The Data Center Operations Engineer is responsible for supporting, maintaining, and deploying critical data center infrastructure with a strong focus on Linux-based systems, GPU server deployments, and InfiniBand networking.
Requirements
- Provide hands-on operational support for all data center projects, deployments, and repair activities.
- Troubleshoot and resolve operational issues related to Linux servers, GPU platforms, networking, and storage infrastructure.
- Install, configure, test, and maintain server hardware (rack and stack, labeling, HDDs, memory, CPUs, RAID batteries, NICs, etc.).
- Maintain accurate documentation of operational procedures, system configurations, and runbooks.
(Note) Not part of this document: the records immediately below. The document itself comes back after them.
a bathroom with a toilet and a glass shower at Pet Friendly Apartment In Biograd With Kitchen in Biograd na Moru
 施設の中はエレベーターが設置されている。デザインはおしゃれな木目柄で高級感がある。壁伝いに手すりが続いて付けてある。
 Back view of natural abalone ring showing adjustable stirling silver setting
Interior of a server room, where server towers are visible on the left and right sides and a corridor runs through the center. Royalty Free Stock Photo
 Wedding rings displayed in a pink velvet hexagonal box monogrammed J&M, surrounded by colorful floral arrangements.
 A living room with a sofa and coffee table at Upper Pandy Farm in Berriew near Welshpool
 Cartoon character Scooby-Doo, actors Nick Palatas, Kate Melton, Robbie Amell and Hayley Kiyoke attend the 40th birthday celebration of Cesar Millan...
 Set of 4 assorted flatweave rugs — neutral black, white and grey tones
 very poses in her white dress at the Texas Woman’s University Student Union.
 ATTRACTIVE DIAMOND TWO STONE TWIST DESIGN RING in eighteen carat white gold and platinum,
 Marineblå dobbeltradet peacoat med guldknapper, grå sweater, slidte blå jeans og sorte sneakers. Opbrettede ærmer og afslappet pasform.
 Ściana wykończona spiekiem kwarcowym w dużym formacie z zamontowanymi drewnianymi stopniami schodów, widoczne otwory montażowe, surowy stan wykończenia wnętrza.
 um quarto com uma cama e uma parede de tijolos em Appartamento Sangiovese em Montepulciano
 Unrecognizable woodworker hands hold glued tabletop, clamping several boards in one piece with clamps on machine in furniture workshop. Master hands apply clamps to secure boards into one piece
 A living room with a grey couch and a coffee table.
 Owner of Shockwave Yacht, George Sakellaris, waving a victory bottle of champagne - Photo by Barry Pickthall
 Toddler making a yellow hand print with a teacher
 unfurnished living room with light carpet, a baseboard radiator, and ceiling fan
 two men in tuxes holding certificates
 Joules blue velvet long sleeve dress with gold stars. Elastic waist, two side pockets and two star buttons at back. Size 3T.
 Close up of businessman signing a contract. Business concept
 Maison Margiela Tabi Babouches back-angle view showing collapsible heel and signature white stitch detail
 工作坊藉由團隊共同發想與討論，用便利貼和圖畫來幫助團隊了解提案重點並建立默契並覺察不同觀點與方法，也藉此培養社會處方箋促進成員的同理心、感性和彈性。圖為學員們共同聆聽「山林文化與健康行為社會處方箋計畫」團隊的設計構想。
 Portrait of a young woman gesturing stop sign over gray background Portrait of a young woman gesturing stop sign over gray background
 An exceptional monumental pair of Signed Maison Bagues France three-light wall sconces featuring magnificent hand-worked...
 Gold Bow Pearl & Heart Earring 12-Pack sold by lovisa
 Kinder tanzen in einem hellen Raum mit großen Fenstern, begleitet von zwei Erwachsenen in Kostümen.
- Collaborate with global teams across time zones to support operational initiatives and continuous improvement efforts.
- Contribute to process improvement initiatives and ensure adherence to documented policies, processes, and procedures.
- Manage incident tickets, maintaining acceptable ticket loads, and meeting SLAs.
- Ability to perform the essential functions of the role, including lifting, moving, and installing equipment weighing 50 pounds or more, with or without reasonable accommodation.
- Ability to work in data center environments, including raised floors, equipment racks, and confined spaces.
- Willingness to work flexible hours, including nights, weekends, and on-call rotations as required.
Benefits
- Generous Paid Time Off
- 401k Matching
- Retirement Plan
- Tuition Reimbursement